More importantly, though, the Armory Show’s reputation was hit by criticisms that, in its drive for profit, it had neglected the needs of exhibitors and overlooked the quality of the viewing experience. Critics said too many galleries were packed into small booths with not enough space for visitors to walk around and relax.

Although it had the support of New York City Mayor Michael Bloomberg and the Museum of Modern Art, some collectors stopped visiting the Hudson River location, and several high-profile exhibitors dropped out. In fact, the turnover in exhibiting galleries became extreme. In 2010, 54 dropped out, and 92 came in who hadn’t exhibited the year before.

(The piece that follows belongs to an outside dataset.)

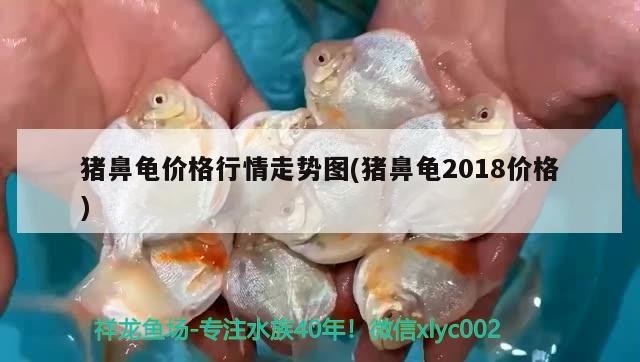 豬鼻龜價格行情走勢圖(豬鼻龜2018價格)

Such instability made the Armory Show ripe for replacement as a leading fair, and, nine months ago, Frieze announced that it was going to spread its wings and land in New York. Its directors, Matthew Slotover and Amanda Sharp, had been thinking about a New York fair since 2008. Since they opened the London fair, virtually obliterating the long-standing Art Cologne in the process, they have earned a reputation as merciless opportunists, “always looking for a gap in the market (and to crush the competition)”, according to Art Review magazine. But, says Slotover, “the initial idea came from our exhibitors”, who had reservations about the overly commercial directions that the fairs in New York and Miami were going in.

Following the Frieze announcement and the likelihood that more galleries would desert the Armory, MMP re-invested in the fair, and changed the management structure, bringing in as managing director Noah Horowitz, a graduate of the Courtauld Institute and director of the first VIP online art fair last year.

The results look promising. A number of high-end dealers are back, including David Zwirner (New York), Spruth Magers (London and Berlin), and Hyundai (Seoul). Stands in the overcrowded contemporary sector have been reduced by 25 per cent to allow galleries to present their art better. Wider aisles have been designed, and lounges and cafes have been improved. Most importantly, the emphasis on the art experience has returned. America’s latest cultural star, Chicago artist Theaster Gates, who makes symbolically charged sculptures from recycled materials, has been commissioned to make work for the fair, and galleries have been encouraged to present thematic displays rather than just an array of stock.

So, the competition has proved beneficial. The only question that remains is whether New York needs a major contemporary art fair, either on the Hudson or the East River, when the largest concentration of galleries in the world already form what is effectively a permanent art fair.